Footfall in November declined further, despite Black Friday sales, new figures have revealed.
In the four weeks to November 26, Footfall fell by one per cent compared with a year ago. This is lower than the three-month average of -0.8 per cent.
High street footfall fell for the third consecutive month by 0.7 per cent, compared with the 0.4 per cent drop reported in October.
Retail parks saw a decrease of 0.1 per cent in footfall, after seeing growth in October of 1.1 per cent. While shopping centre footfall saw a 2.3 per cent drop, falling for the tenth consecutive month and taking the three-month average to -2.2 per cent.

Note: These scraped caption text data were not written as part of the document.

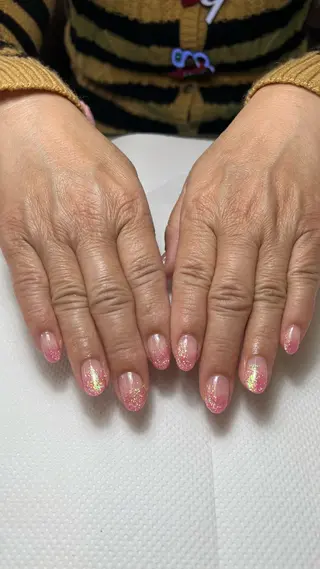 ネイル 名越 彩花のネイルデザイン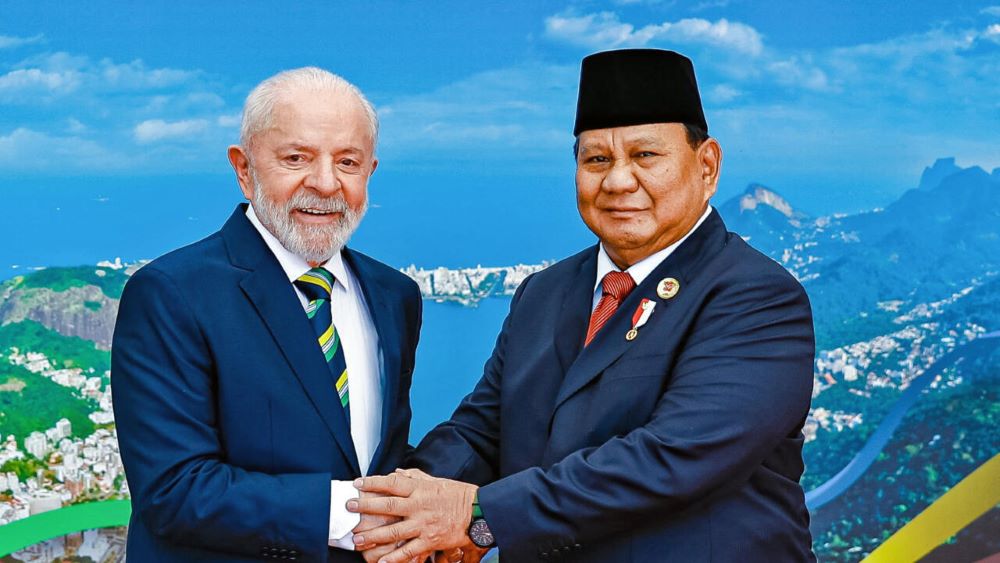 Brazil's President Luiz Inacio Lula da Silva (L) with Indonesia's President Prabowo Subianto in Rio de Janeiro, Brazil, on November 18, 2024.
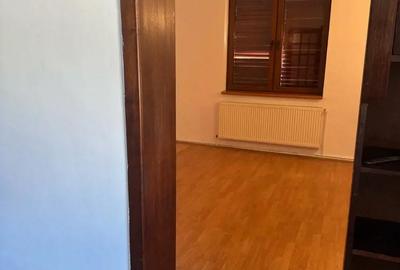 Casă cu 5 camere în Lidia - 1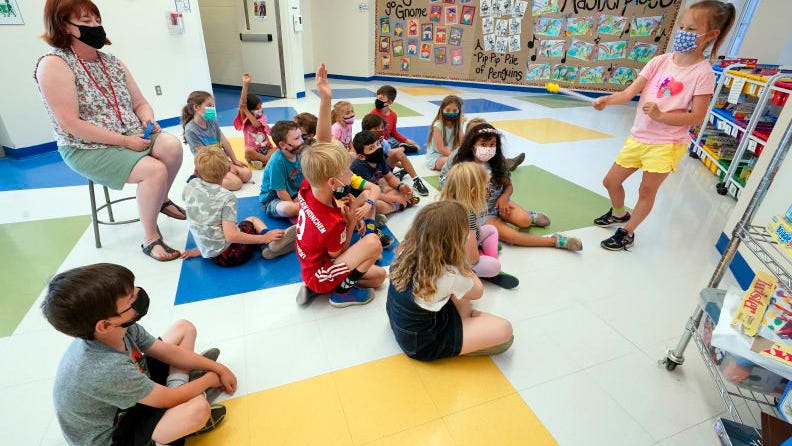 In-Depth: NY schools told to keep masks after judge overturns mandate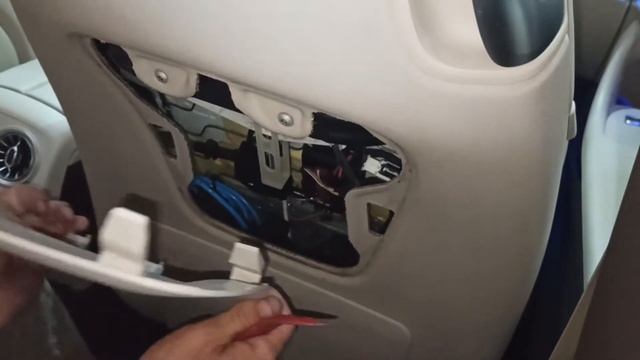 Mercedes E300 - Меняем ручку откидывания сиденья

Helen Dickinson, British Retail Consortium chief executive, said: “The drop in footfall we saw across the UK in October deepened in November, with shopper numbers falling one per cent over the previous year compared to October’s fall of 0.4 per cent.
“As we saw in the sales data, Black Friday did little to impact the overall monthly trend in footfall. While the event clearly attracted shoppers to stores, it was retailers’ online offerings, which were the real winner, with shoppers for non-food items spending more than one-in-four pounds online, setting a new record for online share.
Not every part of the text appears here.